[Short text fragments from websites]

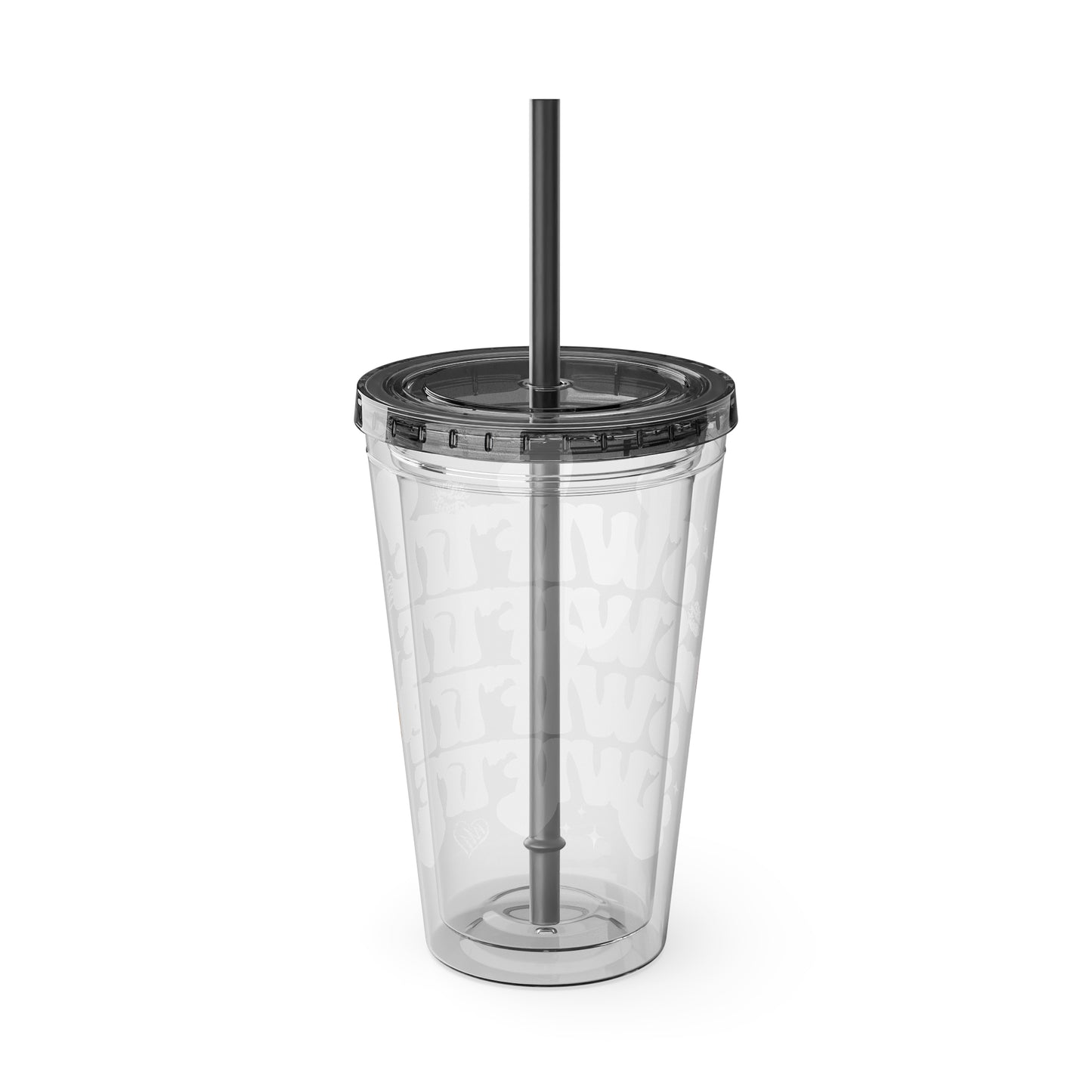 Swiftie Sunsplash Tumbler with Straw, 16oz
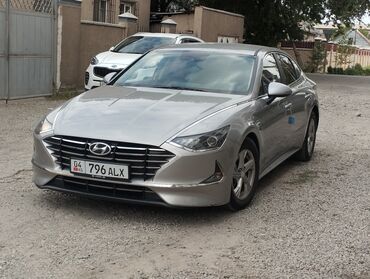 рассрочка авто бишкек без первоначального взноса: Hyundai Sonata: 2021 г., 2 л, Автоматтык, Газ, Седан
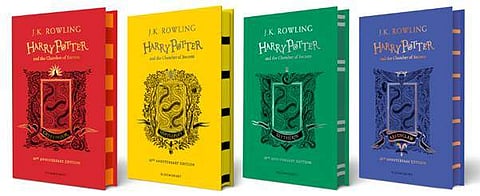 Bloomsbury to publish house editions of Harry Potter and the Chamber of Secrets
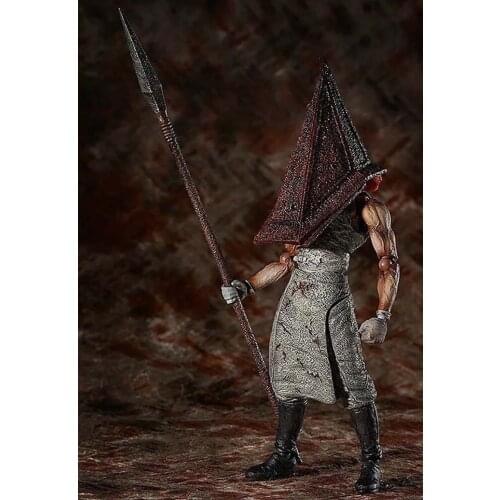 Silent Hill Action Figure Pyramid Head Movable Model Toys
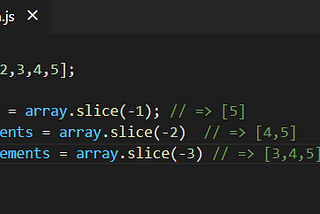 How to get Last Item of an Array in JavaScript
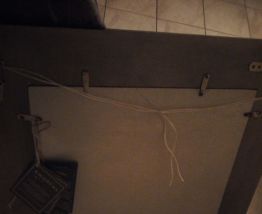 Miroir mural AMADEUS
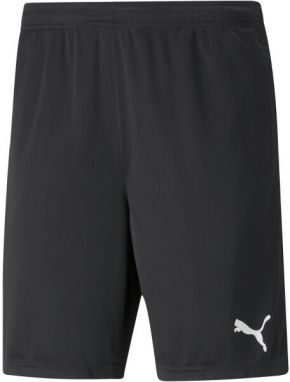 Puma INDIVIDUALRISE SHORTS Pánske futbalové šortky, čierna, veľkosť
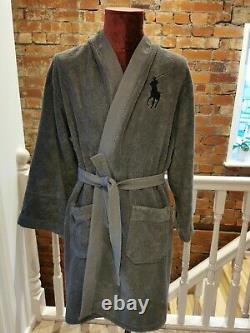 Polo Ralph Lauren 100% Cotton Bath Robe Size Medium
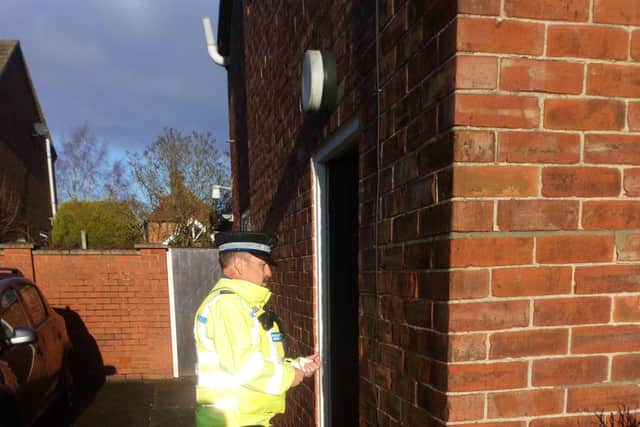 Another day, another door, another challenge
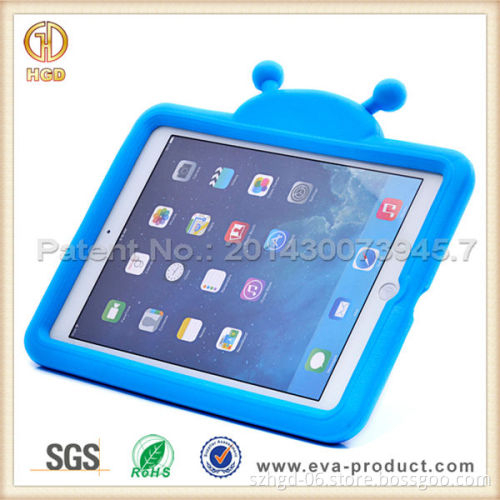 Ladybird shape protective kids case for apple ipad air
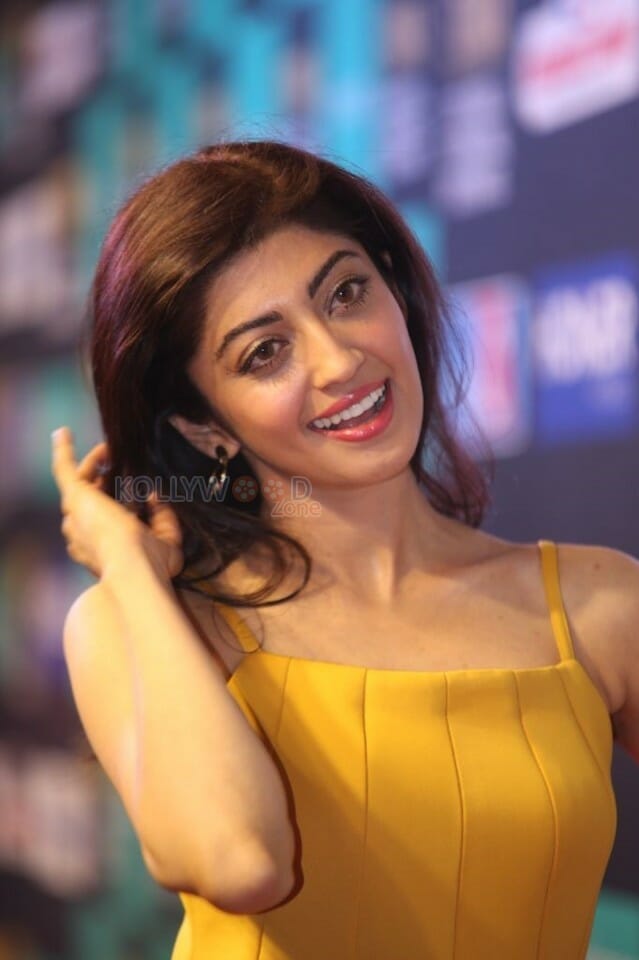 Actress Pranitha Subhash At Siima Th Edition Curtain Raiser Photos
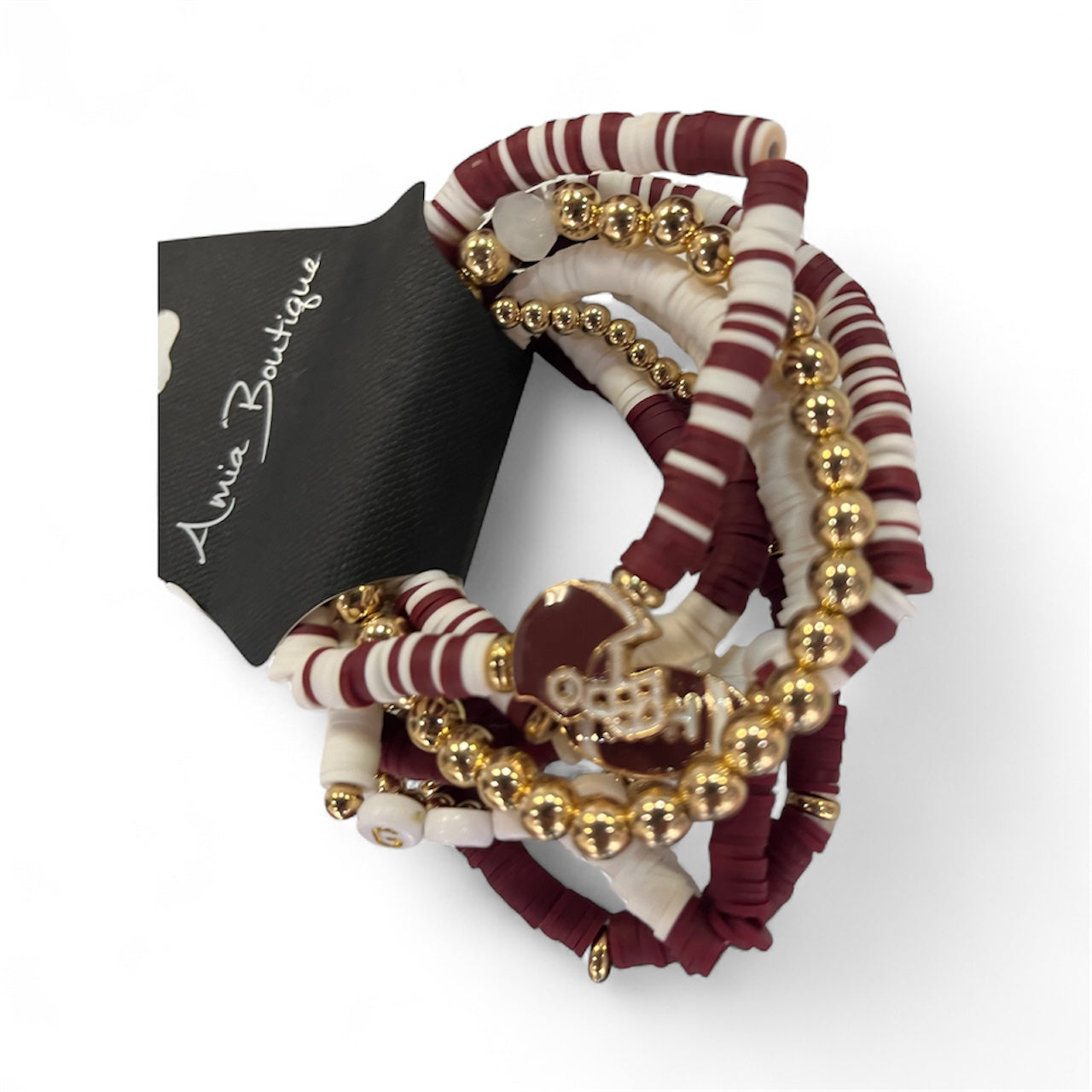 Game Day Stackable bracelets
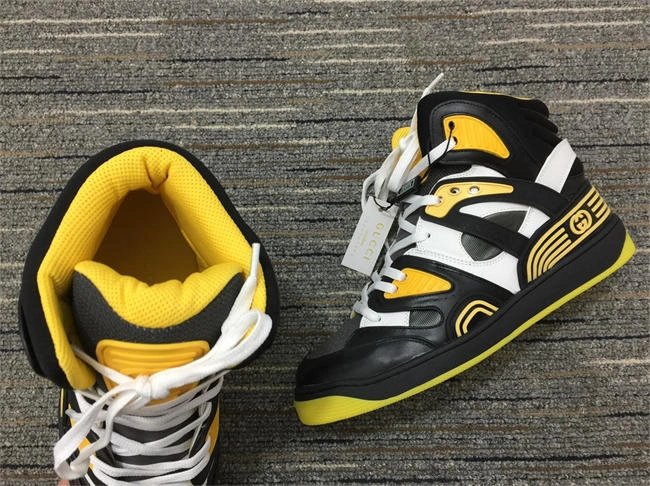 S*pportive g*u*i high top sneaker 210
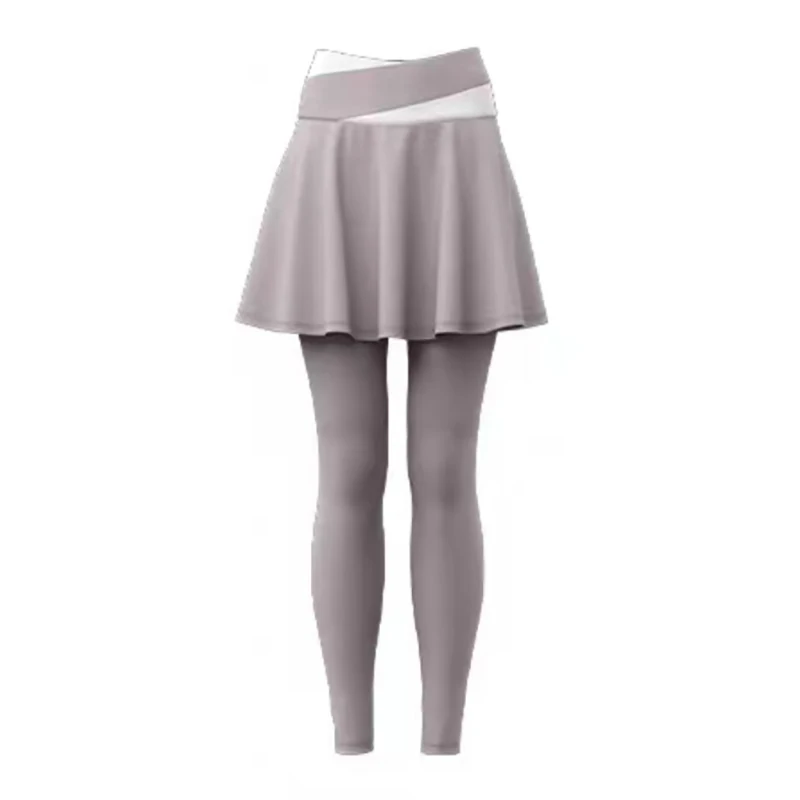 Golf Ladies Clothing Spring/Summer New Outdoor Quick drying Sports Pants and Skirts Fake Two piece Versatile Elastic Short Skirt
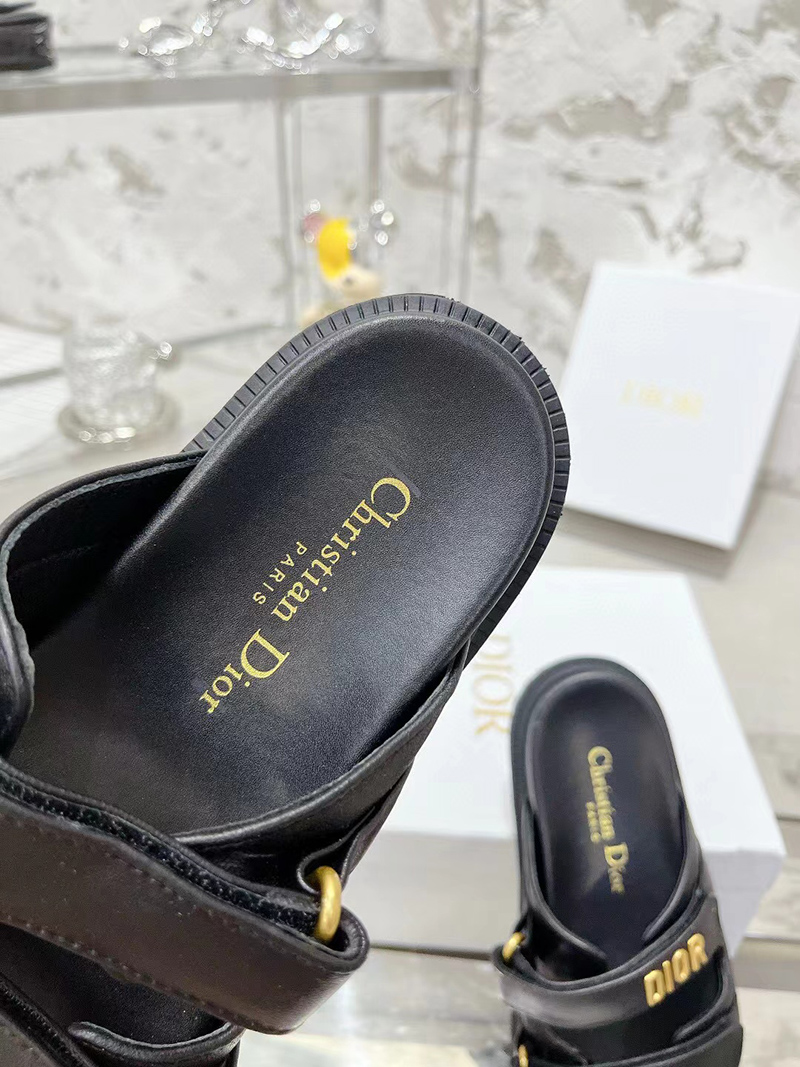 Christian Dior slide sandals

## [Exercise goal]
Please leave out the pictures while you copy exactly the lines from the one containing "Bloomsbury to publish" through the end of the records.

## [Answer to this task]
 Bloomsbury to publish house editions of Harry Potter and the Chamber of Secrets
 Silent Hill Action Figure Pyramid Head Movable Model Toys
 How to get Last Item of an Array in JavaScript
 Miroir mural AMADEUS
 Puma INDIVIDUALRISE SHORTS Pánske futbalové šortky, čierna, veľkosť
 Polo Ralph Lauren 100% Cotton Bath Robe Size Medium
 Another day, another door, another challenge
 Ladybird shape protective kids case for apple ipad air
 Actress Pranitha Subhash At Siima Th Edition Curtain Raiser Photos
 Game Day Stackable bracelets
 S*pportive g*u*i high top sneaker 210
 Golf Ladies Clothing Spring/Summer New Outdoor Quick drying Sports Pants and Skirts Fake Two piece Versatile Elastic Short Skirt
 Christian Dior slide sandals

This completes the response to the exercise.